Future of our school in Essex: an update from Caroline Stevens, our Chief Executive
Published on 28 April 2020
I want to explain a difficult decision we have made about the future of our Anderson School in Chigwell, Essex.
We opened the school in September 2017, with the ambition of helping generations of local autistic children and young people to prepare for adult life, further education and work.
But the school has faced very challenging circumstances ever since it opened, including problems with recruitment and retention of staff and other issues. This has meant that the school was not able to consistently support all the students to the high education and welfare standards that we expect – and which students and families have a right to expect from us. This has been reflected in our own reviews and Ofsted inspections.
Despite putting in a lot of energy and expertise to try to improve the school, we have sadly not been able to turn the situation around. We know it could take years to bring the school up to the level we expect, and that would simply not be fair on our students, their families or carers. So, we have taken the very difficult decision to close the school at the end of the summer term, in July. This is never a decision that I would want to make, but I believe it is the right decision for our students’ long-term education and wellbeing.
I know as the parent of an autistic child myself how important the right educational support is, and I only want us to provide good quality schools and children’s services.
I am acutely aware that that the closure will be difficult for students, families, carers staff and local councils. The school and the rest of our charity are ready to support everyone involved as much as we can through the closure process.

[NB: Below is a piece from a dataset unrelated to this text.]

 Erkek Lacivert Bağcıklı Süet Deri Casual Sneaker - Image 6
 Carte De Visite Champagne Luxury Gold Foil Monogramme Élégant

Our charity has been successfully supporting and teaching autistic children for over 50 years and we started this school with such ambition and hope. So, this is not a decision we have taken lightly. We are very sorry and disappointed to have to make it. But we hope that it is clear why we think this is a necessary decision.
As the new Chief Executive at the National Autistic Society, I want to reassure our supporters that I am dedicated to making our schools, social care and other services for autistic adults and children as good as they can possibly be and to pushing for wider changes for autistic people.